Exercise requirements
Starting with the first line of the records, write out each line exactly until you have included the line containing "casa indipendente in vendita a Paruzzaro".

··· Extracted material ···

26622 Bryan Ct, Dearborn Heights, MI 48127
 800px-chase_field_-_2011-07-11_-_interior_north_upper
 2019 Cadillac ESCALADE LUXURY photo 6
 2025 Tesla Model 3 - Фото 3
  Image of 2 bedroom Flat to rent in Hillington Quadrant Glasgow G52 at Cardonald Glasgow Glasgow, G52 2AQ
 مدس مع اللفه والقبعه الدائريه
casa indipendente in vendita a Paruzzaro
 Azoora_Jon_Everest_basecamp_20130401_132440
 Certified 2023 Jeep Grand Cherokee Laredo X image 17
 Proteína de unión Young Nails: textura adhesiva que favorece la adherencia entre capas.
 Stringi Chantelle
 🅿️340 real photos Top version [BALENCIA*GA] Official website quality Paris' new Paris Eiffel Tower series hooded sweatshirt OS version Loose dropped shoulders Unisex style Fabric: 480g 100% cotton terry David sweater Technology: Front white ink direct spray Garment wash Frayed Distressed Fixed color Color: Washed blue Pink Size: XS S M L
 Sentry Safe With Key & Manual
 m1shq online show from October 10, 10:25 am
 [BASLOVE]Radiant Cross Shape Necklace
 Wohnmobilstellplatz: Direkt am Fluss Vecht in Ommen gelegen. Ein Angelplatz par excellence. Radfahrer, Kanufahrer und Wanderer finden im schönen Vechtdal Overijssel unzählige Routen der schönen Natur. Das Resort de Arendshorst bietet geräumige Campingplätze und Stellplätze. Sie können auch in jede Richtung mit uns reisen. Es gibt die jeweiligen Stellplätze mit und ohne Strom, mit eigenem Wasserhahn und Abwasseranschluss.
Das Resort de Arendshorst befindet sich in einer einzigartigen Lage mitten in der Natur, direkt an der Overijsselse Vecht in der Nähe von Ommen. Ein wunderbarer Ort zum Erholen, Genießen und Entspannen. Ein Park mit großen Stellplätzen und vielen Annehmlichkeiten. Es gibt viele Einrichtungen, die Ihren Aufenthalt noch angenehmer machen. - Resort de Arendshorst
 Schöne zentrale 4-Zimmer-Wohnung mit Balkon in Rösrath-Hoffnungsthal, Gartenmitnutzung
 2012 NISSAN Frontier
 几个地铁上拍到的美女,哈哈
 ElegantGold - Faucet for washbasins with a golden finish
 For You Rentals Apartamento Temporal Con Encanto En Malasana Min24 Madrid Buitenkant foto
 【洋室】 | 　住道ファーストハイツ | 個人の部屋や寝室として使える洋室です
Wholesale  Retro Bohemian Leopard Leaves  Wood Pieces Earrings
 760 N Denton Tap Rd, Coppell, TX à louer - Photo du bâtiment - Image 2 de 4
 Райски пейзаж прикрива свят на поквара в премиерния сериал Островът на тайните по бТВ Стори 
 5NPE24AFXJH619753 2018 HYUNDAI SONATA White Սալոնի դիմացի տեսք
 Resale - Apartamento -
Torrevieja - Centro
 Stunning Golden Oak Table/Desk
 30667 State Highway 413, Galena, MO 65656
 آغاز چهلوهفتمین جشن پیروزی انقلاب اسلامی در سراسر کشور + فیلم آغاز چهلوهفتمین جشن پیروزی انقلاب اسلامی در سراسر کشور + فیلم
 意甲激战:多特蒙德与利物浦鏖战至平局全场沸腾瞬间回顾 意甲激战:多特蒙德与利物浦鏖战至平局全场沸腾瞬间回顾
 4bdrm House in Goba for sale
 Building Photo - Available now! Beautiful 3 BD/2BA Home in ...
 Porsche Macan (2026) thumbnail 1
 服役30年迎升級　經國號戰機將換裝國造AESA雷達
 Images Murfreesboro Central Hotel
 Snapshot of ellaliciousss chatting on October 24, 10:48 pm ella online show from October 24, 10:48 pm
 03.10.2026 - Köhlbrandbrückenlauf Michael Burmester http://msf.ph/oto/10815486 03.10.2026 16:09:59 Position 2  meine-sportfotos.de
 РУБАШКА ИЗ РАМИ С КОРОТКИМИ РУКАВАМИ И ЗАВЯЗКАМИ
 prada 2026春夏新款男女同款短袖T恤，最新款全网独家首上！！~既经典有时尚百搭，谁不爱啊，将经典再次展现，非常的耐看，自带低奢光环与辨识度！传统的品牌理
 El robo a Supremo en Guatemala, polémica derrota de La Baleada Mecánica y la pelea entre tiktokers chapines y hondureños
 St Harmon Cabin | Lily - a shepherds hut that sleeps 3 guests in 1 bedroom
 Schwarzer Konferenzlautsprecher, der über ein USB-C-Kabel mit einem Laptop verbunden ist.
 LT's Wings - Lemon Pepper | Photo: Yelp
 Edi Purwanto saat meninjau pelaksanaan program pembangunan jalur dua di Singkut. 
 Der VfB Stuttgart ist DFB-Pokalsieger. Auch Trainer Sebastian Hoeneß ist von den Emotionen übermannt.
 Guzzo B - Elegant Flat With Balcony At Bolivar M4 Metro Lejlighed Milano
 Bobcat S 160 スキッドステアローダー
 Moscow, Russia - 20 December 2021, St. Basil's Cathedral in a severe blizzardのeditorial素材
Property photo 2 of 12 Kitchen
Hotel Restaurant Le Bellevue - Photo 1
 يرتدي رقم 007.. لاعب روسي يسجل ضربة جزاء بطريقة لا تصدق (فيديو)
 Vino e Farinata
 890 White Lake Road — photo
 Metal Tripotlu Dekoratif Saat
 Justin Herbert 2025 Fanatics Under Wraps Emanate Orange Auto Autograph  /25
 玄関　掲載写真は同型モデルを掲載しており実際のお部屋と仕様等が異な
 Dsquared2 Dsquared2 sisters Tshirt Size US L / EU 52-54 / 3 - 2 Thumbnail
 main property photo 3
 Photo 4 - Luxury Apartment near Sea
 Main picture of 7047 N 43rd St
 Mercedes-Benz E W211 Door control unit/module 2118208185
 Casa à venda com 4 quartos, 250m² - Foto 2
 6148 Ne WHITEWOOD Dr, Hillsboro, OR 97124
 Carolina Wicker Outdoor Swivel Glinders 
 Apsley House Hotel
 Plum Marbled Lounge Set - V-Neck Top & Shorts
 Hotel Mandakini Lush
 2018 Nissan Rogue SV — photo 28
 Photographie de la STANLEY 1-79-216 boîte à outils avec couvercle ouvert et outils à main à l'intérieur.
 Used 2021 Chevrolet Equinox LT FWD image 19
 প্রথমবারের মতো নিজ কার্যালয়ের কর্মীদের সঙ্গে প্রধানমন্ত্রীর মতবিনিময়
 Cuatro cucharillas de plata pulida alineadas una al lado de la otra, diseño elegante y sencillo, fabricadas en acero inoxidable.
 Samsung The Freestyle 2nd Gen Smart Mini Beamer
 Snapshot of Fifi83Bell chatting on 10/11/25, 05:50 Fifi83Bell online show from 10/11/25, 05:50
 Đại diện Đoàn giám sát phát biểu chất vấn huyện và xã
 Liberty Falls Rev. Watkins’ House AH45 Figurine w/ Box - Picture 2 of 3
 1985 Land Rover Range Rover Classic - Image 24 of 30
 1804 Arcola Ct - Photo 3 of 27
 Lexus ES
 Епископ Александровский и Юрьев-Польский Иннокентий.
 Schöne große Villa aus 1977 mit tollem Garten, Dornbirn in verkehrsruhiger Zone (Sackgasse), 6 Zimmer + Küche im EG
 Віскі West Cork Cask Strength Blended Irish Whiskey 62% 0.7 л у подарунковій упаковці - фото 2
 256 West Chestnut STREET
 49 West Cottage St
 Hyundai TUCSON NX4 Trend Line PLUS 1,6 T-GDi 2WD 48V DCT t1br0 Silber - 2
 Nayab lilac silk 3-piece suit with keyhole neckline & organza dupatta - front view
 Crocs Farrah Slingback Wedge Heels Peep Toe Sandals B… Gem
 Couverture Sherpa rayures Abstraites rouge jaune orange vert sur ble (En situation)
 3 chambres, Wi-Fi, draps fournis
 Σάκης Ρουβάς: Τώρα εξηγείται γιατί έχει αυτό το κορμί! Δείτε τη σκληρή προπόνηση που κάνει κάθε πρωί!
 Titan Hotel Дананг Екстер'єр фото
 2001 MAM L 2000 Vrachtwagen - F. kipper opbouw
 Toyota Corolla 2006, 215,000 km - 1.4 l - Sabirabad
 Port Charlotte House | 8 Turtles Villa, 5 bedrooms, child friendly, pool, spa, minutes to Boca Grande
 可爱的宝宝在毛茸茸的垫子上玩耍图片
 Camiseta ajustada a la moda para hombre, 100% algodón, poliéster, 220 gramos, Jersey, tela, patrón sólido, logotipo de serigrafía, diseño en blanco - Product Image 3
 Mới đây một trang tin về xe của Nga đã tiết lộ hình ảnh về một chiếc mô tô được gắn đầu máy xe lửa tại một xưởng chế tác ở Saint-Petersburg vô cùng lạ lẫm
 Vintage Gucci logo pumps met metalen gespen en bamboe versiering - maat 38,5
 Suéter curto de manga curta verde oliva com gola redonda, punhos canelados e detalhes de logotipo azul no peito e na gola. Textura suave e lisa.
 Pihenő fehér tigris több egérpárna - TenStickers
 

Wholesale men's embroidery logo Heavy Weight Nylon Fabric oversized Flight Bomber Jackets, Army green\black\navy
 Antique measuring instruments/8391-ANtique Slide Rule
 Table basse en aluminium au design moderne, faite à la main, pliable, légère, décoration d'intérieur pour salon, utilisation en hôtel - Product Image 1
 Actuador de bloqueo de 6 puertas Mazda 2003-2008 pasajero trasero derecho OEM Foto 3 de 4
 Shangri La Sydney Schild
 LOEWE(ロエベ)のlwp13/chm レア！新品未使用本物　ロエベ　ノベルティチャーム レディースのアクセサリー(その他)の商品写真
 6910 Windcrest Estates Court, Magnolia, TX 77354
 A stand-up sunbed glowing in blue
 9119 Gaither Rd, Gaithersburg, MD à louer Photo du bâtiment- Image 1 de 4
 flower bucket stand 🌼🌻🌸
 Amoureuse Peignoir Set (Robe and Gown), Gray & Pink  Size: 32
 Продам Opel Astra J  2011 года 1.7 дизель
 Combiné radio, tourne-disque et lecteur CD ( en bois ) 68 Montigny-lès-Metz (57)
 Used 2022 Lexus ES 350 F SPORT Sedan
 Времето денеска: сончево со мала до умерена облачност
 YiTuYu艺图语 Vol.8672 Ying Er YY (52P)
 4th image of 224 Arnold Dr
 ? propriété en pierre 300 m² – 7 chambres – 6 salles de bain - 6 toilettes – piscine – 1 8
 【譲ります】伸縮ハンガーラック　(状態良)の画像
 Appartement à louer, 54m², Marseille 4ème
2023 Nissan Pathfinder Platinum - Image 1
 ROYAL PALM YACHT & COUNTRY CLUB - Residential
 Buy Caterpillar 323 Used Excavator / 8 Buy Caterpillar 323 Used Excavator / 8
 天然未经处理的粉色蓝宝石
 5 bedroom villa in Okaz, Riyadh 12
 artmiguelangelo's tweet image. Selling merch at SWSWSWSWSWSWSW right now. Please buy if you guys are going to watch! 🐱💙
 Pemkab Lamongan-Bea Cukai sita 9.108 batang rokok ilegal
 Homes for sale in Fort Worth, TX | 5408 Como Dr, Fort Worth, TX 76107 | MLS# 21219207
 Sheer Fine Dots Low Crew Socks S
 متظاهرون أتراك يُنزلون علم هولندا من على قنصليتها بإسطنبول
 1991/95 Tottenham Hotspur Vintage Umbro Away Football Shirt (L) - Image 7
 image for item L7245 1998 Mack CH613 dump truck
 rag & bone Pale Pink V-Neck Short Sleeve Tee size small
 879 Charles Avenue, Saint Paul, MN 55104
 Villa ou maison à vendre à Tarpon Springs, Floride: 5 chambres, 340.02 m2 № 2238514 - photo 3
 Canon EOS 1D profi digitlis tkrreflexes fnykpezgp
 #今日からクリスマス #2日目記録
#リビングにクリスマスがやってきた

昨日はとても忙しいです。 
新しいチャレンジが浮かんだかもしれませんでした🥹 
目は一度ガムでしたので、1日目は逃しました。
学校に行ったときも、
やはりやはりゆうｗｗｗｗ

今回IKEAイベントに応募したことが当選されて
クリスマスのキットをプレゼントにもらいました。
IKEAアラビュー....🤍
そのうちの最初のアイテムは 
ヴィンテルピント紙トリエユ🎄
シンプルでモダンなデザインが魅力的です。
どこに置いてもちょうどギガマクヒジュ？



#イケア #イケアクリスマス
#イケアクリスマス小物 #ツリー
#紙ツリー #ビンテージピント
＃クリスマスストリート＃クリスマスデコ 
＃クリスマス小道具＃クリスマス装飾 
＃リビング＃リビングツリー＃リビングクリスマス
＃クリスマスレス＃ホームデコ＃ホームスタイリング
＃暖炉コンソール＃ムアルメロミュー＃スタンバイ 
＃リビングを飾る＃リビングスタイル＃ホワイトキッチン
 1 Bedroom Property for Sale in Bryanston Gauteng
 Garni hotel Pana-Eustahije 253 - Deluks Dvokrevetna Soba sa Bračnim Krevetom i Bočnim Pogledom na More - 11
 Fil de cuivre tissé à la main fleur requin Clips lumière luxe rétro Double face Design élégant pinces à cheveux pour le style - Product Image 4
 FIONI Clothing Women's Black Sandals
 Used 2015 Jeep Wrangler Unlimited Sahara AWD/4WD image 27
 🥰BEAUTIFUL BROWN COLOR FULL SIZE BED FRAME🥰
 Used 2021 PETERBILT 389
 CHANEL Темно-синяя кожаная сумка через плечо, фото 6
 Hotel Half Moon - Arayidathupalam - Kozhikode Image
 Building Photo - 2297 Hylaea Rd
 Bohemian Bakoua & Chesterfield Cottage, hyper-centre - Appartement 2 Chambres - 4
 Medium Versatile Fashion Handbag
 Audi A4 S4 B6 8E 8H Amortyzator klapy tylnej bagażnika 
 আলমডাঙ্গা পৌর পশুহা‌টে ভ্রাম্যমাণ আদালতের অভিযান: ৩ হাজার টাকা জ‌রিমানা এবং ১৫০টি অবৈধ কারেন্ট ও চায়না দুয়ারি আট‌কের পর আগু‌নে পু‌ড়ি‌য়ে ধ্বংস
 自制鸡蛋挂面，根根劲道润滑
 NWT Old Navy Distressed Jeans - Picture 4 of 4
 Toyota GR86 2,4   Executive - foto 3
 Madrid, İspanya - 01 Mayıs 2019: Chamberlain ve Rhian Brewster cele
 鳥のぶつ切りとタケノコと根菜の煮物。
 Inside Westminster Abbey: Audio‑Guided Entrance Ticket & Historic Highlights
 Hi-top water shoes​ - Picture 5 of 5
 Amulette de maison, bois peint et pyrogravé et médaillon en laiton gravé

···

Answer space
26622 Bryan Ct, Dearborn Heights, MI 48127
 800px-chase_field_-_2011-07-11_-_interior_north_upper
 2019 Cadillac ESCALADE LUXURY photo 6
 2025 Tesla Model 3 - Фото 3
  Image of 2 bedroom Flat to rent in Hillington Quadrant Glasgow G52 at Cardonald Glasgow Glasgow, G52 2AQ
 مدس مع اللفه والقبعه الدائريه
casa indipendente in vendita a Paruzzaro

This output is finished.